Remarkably, ordinary people live here.

Taesong-dong is the only authorized village in the UN portion of the DMZ. Its residents are required to be either original inhabitants or direct descendants of the villagers who were living there when the Armistice was signed 50 years ago. For their trouble, their income is tax-free.

"The population is 226," the U.S. Army guide said. "And there has been no increase since the war."

Directly across from Taesong-dong is the North Korean village of Kichong-dong or "Peace Village." UN troops call it "Propaganda Village"

because over the years the North has broadcast its propaganda from there through giant speakers.

The music that drifts over the hills is loud, but somber and almost funereal.

Although North Koreans work the village fields by day, they are all removed from the area before dark and only a small custodial staff actually lives in Kichong-dong.

Embedded in the hills, the North has built giant signs facing south. A U.S. Army guide translated a few as "Our General is Number One!" and "Yankee Go Home!" At the lookout points into North Korea, you'll find everyone from giggling schoolgirls to aging, former refugees from the Korean War.

Some say they travel as a pilgrimage to pay their respects to the war dead. Others simply come to be close to the land that keeps the peninsula, and many of their own families, divided.

For decades, the South demonized its other half, teaching school children North Koreans were pigs and their soldiers were wolves. In the late 1990s, the government reversed course with a softer engagement approach known as the Sunshine Policy. Today, South Koreans sit at a crossroads, caught between the revived concern of North's nuclear weapons and ardent hope for reunification.

To tour the DMZ is to peer into both worlds.

Before approaching the border between the two countries, those on the south are let off in front of broad, marble-encased buildings. Some were built for high-level discussions between the two sides. Others were built as a center for reuniting families from North and South Korea.

But with current tensions, the buildings are rarely used.

In back of the Freedom House where divided families were supposed to reconnect, the standoff appears in full bloom.

Fear and loathing are the orders of the day inside the compound of buildings at Panmunjom. South Korean soldiers, tall by the nation's standards and wearing dark sunglasses, stand at attention in intimidation pose known by American soldiers as "ROK ready." ROK is shorthand for the Republic of Korea.

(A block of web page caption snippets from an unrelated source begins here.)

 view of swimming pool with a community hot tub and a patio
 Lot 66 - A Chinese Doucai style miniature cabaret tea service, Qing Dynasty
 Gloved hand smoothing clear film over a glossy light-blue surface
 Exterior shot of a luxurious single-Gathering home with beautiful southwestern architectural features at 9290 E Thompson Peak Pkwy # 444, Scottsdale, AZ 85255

When visitors arrive, so do the North Korean soldiers. They march right up to the north-south border - a thin strip of concrete - running for 151 miles from the peninsula's East Coast to West.

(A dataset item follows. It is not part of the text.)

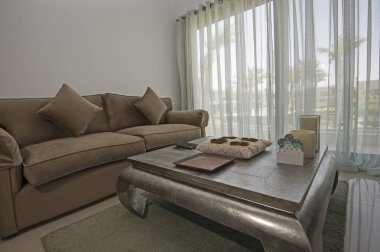 Lüks tropikal tatil dubleks apartmanındaki oturma odası oturma odası iç tasarım dekorasyonunu açık tasarım döşenmiş olarak gösteren evi gösteriyor.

Tour guides issue a firm warning: Do not speak with, make any gesture toward or in any way approach or respond to personnel from the other side.

Once in a while, the business of this single meeting place between the two sides sometimes interferes with the business of tourism. In that case, the tour operators offer a refund.

Amazingly, you can enter some of the blue buildings that sit half in North Korea and half in South Korea. But guides forbid you to touch any equipment, microphones or flags belonging to the communist side.

One of the last stops on the tour is a journey into a North Korean infiltration mine discovered by the South in 1978.

The mile-long tunnel was believed to be dug by North Koreans who planned to insert Special Forces into the South (the North claimed the tunnel was designed for coal mining). Tourists don hard hats and take a seat inside a boxcar train in front of the mine's gaping hole.

A steep ride into the hillside plunges 1,000 feet below ground. About 15 minutes later, visitors can get out and walk the length of the mine, where air is pumped in and water drips from the jagged rock walls. Imagine a dimly lit tunnel not more than six feet high and six feet wide.

When the tourists emerge, they're directed to the DMZ Movie Theater.

The three-screen cinema quickly recounts the highlights of the war and creation of the DMZ. But in a push for reunification, the film's narrator waxes longingly about a day when both countries can be reunited.

"Already," he says, "the birds and flowers are living in peace and harmony in the DMZ."